Iman Al-Diab, détenue pendant deux ans à partir de 2014 pour activisme politique, évoque des cellules surpeuplées où les prisonnières dormaient à tour de rôle. Lumière allumée en permanence, absence d’hygiène, passages à tabac, décharges électriques : « Nous ne voyions nos enfants qu’en rêve », dit-elle.
Les violences sexuelles, outil d’humiliation
Des rapports publiés par l’ONU et des organisations juridiques indépendantes font état d’un recours récurrent aux violences sexuelles comme méthode d’intimidation et de punition. Les survivantes décrivent des menaces de viol, des agressions et des humiliations répétées lors des interrogatoires.
Pour les défenseurs des droits humains, ces pratiques ne relèvent pas d’actes isolés mais d’un schéma cohérent susceptible d’être qualifié de crime contre l’humanité au regard du droit international.
Les enfants, victimes collatérales

Plusieurs enquêtes journalistiques ont également révélé le transfert forcé d’enfants vers des orphelinats publics, parfois avec modification de leur identité. Certaines mères ont été séparées de nourrissons encore allaités.

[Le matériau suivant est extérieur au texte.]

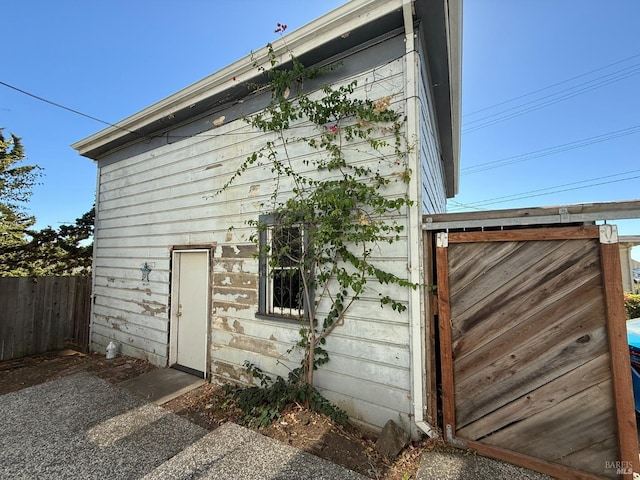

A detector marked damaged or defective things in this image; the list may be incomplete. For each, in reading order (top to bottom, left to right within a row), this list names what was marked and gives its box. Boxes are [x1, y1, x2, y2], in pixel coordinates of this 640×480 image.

peeling paint [230, 336, 280, 358]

Mayada Al-Chamali, arrêtée à deux reprises, raconte avoir été éloignée de son bébé âgé de deux mois. À sa libération, la reconstruction du lien maternel s’est révélée longue et douloureuse.

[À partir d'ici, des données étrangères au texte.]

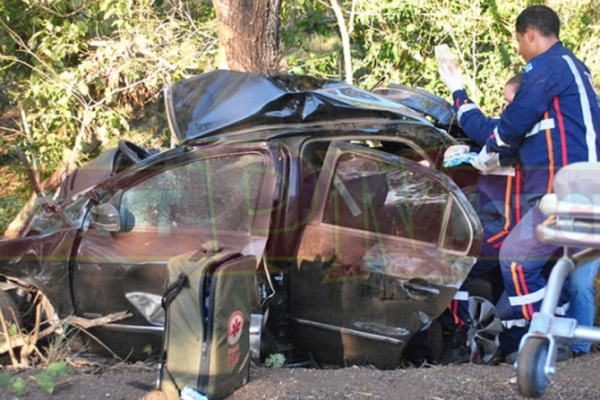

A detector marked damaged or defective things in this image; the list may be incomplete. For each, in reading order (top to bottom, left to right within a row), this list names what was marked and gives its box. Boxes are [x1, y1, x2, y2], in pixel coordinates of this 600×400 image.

crumpled metal panel [165, 70, 432, 144]
crushed car roof [164, 69, 440, 145]
wrecked suv [0, 70, 480, 368]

Les femmes dans la révolution
Dès les premières manifestations à puis à Daraa et Homs, les femmes ont joué un rôle crucial : organisation des protestations, soins aux blessés, authentification des exactions. Cette visibilité les a exposées directement à la répression.
En visant les femmes, le pouvoir cherchait aussi à atteindre le cœur du tissu familial et social syrien.
L’après-prison : reconstruire malgré tout
La libération ne marque pas la fin de l’épreuve. Nombre d’anciennes détenues souffrent de troubles post-traumatiques, de dépression sévère ou d’isolement social, aggravés par la stigmatisation entourant les violences sexuelles.
Psychologues et associations insistent sur la nécessité d’un accompagnement global : prise en charge thérapeutique de long terme, soutien juridique, programmes d’autonomisation économique et campagnes de sensibilisation pour lutter contre l’ostracisme.
La question de la justice

Si toute perspective de poursuites en demeure incertaine, des procédures juridiques ont été engagées en Europe sur la base de la compétence universelle. Les enquêtes menées par Reuters, les rapports des Nations unies et les témoignages des survivantes constituent autant d’éléments versés à ces dossiers.
Les survivantes qui ont témoigné ont affirmé que leur objectif en racontant leurs histoires n’est pas la vengeance, mais d’empêcher que ce qui s’est produit ne se répète et de veiller à ce que la souffrance de milliers de femmes, toujours portées disparues, ne tombe pas dans l’oubli.
Ce que révèlent les témoignages des survivantes dessine le tableau sombre d’une période marquée par une répression systématique et par l’instrumentalisation du corps féminin comme champ de châtiment politique.
Alors que les efforts des organisations de défense des droits humains se poursuivent pour authentifier les crimes et poursuivre les responsables, l’urgence demeure aujourd’hui de réhabiliter les survivantes et de les soutenir, psychologiquement et économiquement, afin qu’elles puissent entamer une nouvelle vie après des années de souffrance.